Work instructions —
Before you return the lines below, strip out any images and keep every word as written.

Data block —
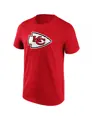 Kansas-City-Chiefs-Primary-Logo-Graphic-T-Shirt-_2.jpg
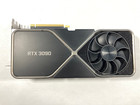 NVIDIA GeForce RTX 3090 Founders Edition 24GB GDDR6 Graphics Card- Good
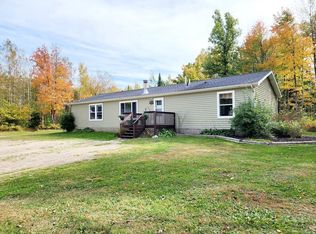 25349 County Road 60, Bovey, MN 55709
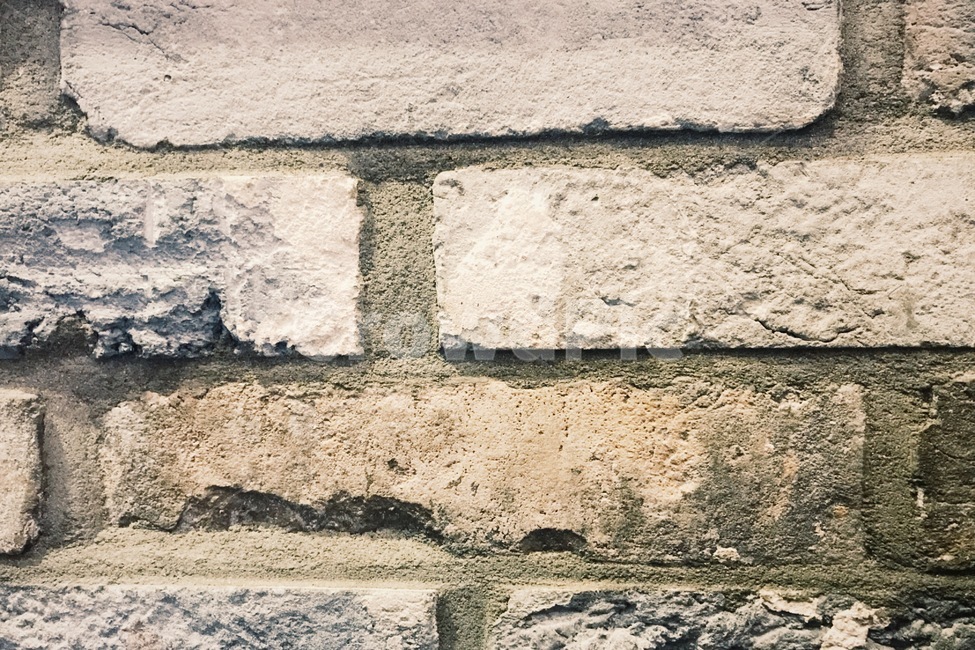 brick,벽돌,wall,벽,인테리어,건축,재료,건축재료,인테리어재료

Result for this task —
 Kansas-City-Chiefs-Primary-Logo-Graphic-T-Shirt-_2.jpg
 NVIDIA GeForce RTX 3090 Founders Edition 24GB GDDR6 Graphics Card- Good
 25349 County Road 60, Bovey, MN 55709
 brick,벽돌,wall,벽,인테리어,건축,재료,건축재료,인테리어재료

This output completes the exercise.